No doubt once established, Microsoft will then unleash the same winning moves it had done previously with their operating systems and of course, Internet Explorer. Microsoft will provide an alternative that no one can resist. MSN provides reliable technology performing popular IM tasks, along with widespread use and even developer support as well. This along with their .Net strategy, will almost surely provide a clear road to even further dominance and control of the IM market.

However AIM is stubbornly in their way, and is no pushover by a long shot. Time and again others have tried to access AOL’s users, with AOL sidestepping every attempt so far. Backed up by information provider powerhouse Time-Warner, AOL will not just lie down and let them. Will we need only one IM in the future, we’ll probably know the answer to that within 5 years.
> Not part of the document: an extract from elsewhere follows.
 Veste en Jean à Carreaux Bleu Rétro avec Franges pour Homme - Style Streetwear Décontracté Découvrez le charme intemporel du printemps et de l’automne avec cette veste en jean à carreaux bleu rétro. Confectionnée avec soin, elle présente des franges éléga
MSN Messenger is a strong Instant Messenger, much as one would say that Outlook Express is a capable email client and Internet Explorer is a good browser. They’re all reliable and have excellent features, but kind of stop short at being spectacular.

For an internet newbie, starting out with MSN is a good way to go. Again all Microsoft products are easy to install, configure and use. They also provide tons of support and people have gotten quite used to this and expect the same level of ability from the company on a consistent basis.

For the veteran who’s already using any of the others (ICQ, Yahoo or AIM), however, MSN Messenger doesn’t really present a strong argument that would make one give the others up. Instead, I expect people would do as I do – maintain them all, and use them as needed. If a certain friend prefers one, I have it. We can use Yaho

I would use Yahoo or MSN to do voice chat or even webcam conversations, and use ICQ’s file-sharing capability to share a files among users. I’ll use Yahoo’s chatrooms to chat with Pinoys all over the globe, but if someone wants to email me quick I’ll ask them to send it to my Hotmail account so that MSN can inform me once it’s in.

Clearly, in order to win the IM wars, Microsoft has to fight a battle a corporate battle, and not one at the application-level. In case Microsoft eventually does win it the way it has with Internet Explorer, and I would no choice but to use MSN Messenger, it is already a capable IM and I wouldn’t mind that very much.